▶ **EXERCISE AIM**
Return all entries word for word, but drop any images.

▶ **DATA SUPPLIED**
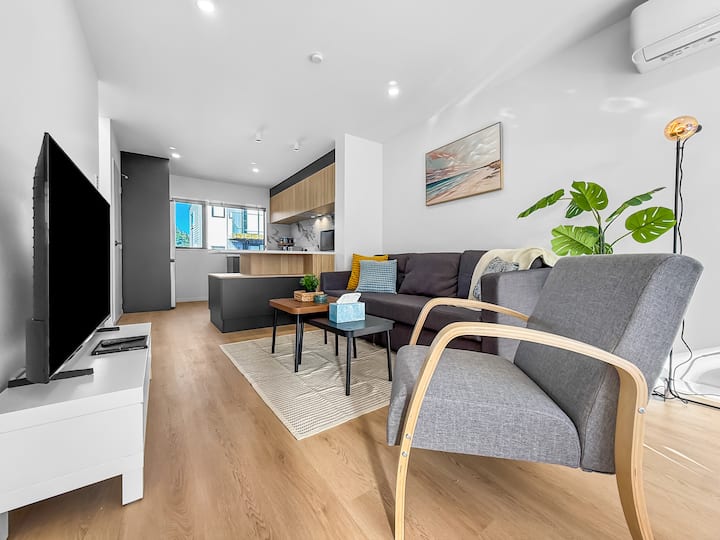 Waipuna Wish | New 3-bed Townhouse | Spacious Home - Auckland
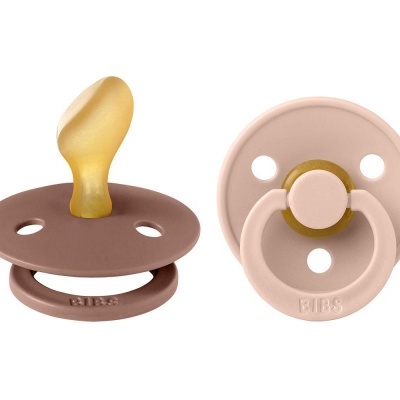 Duas chupetas BIBS castanha e rosa com detalhes e bico amarelo translúcido
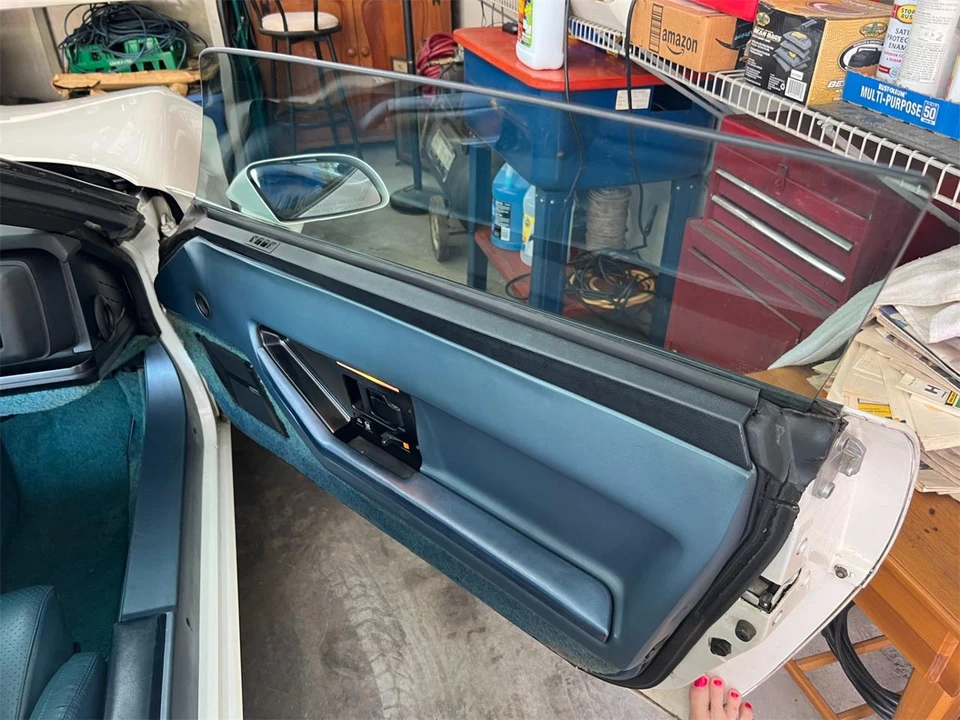 1985 Chevrolet Corvette C4 - Image 11 of 31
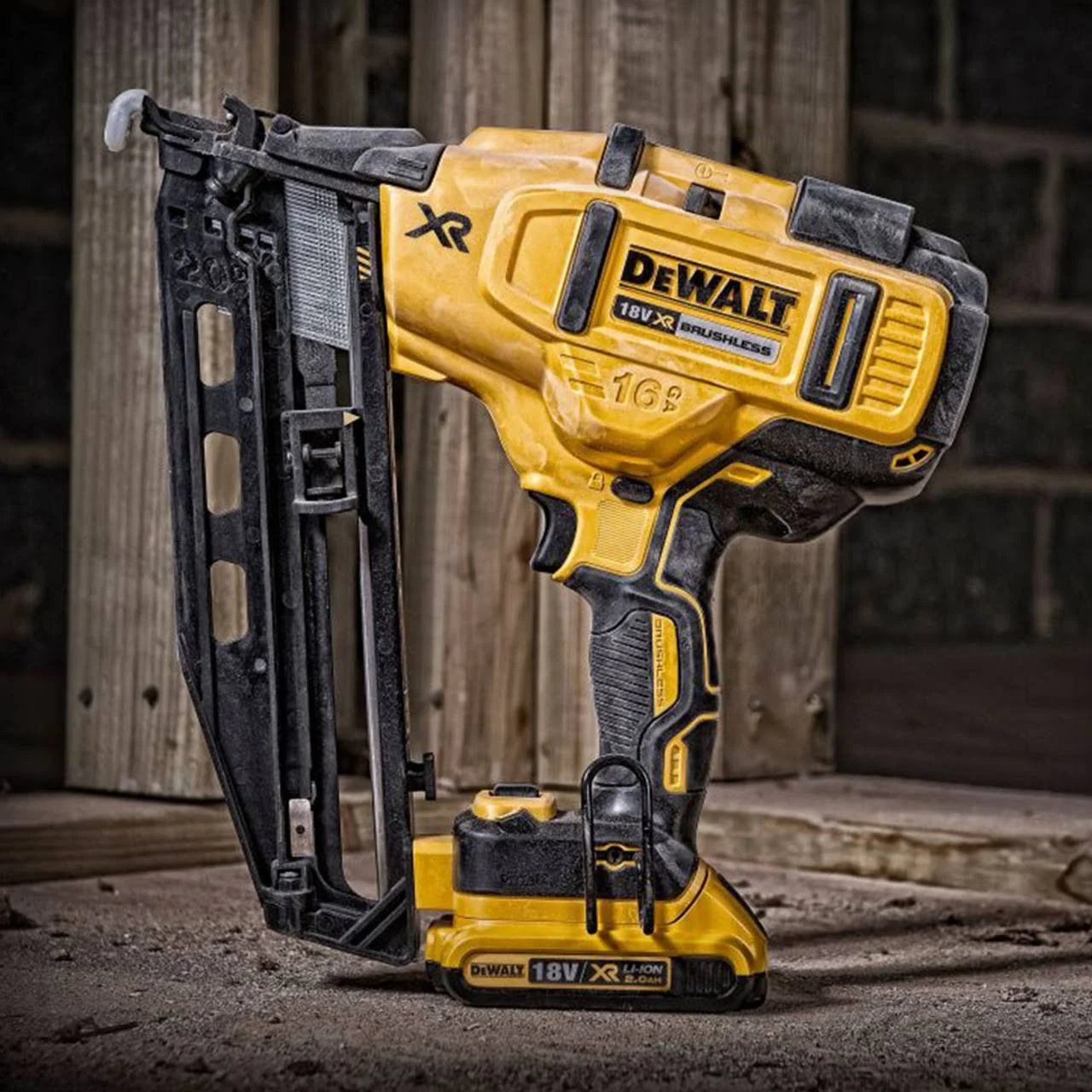 Dewalt dcn660n cordless xr brushless second fix nailer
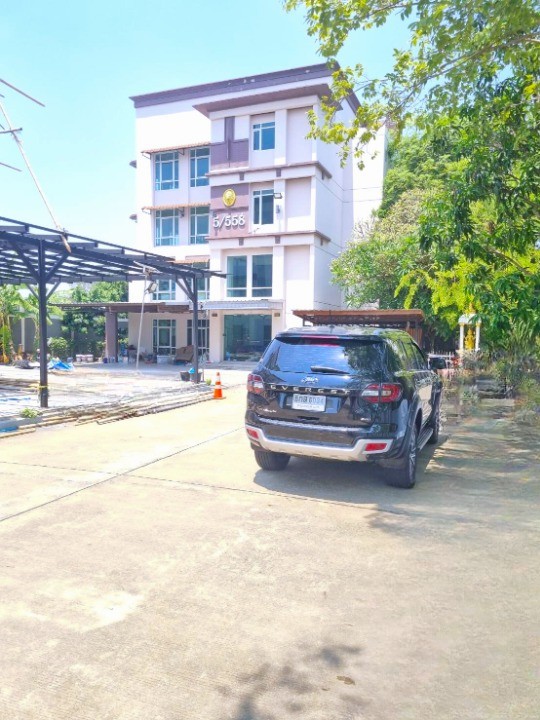 MRT วงแหวนรามอินทรา ให้เช่าคฤหาสน์ บ้าน 3ชั้น 4-5นอน MRT บางชัน ออฟฟิศ 300ตรว. 350ตรม. 59,998B-M มีสวน ซาฟารี 9น้ำ มีพื้นที่ให้จอดรถ แฟชั่นไอส์แลนด์ ปัญญาวิลเลจMRT Ram Intra Ring Road Fashion Island. Panya Village for rent Mansion 3-storey house 4-5bed 300sq.wa. 350sq.m. 59,998B-M has a garden safari 6bed 9bath Parking for 6 cars under roofรามอินทรา พระยาสุเรนทร์ กาญจนาภิเษกซ.พระยาสุเรนทร์15-25 ถ.ปัญญาอินทรา แขวงบางชัน เขตคลองสามวา กรุงเทพมหานคร 10510300ตรว.                     350ตรม.                 ชั้น1 โถงโล่ง 100 ตรม. ห้อง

▶ **FINISHED EXERCISE**
 Waipuna Wish | New 3-bed Townhouse | Spacious Home - Auckland
 Duas chupetas BIBS castanha e rosa com detalhes e bico amarelo translúcido
 1985 Chevrolet Corvette C4 - Image 11 of 31
 Dewalt dcn660n cordless xr brushless second fix nailer
 MRT วงแหวนรามอินทรา ให้เช่าคฤหาสน์ บ้าน 3ชั้น 4-5นอน MRT บางชัน ออฟฟิศ 300ตรว. 350ตรม. 59,998B-M มีสวน ซาฟารี 9น้ำ มีพื้นที่ให้จอดรถ แฟชั่นไอส์แลนด์ ปัญญาวิลเลจMRT Ram Intra Ring Road Fashion Island. Panya Village for rent Mansion 3-storey house 4-5bed 300sq.wa. 350sq.m. 59,998B-M has a garden safari 6bed 9bath Parking for 6 cars under roofรามอินทรา พระยาสุเรนทร์ กาญจนาภิเษกซ.พระยาสุเรนทร์15-25 ถ.ปัญญาอินทรา แขวงบางชัน เขตคลองสามวา กรุงเทพมหานคร 10510300ตรว.                     350ตรม.                 ชั้น1 โถงโล่ง 100 ตรม. ห้อง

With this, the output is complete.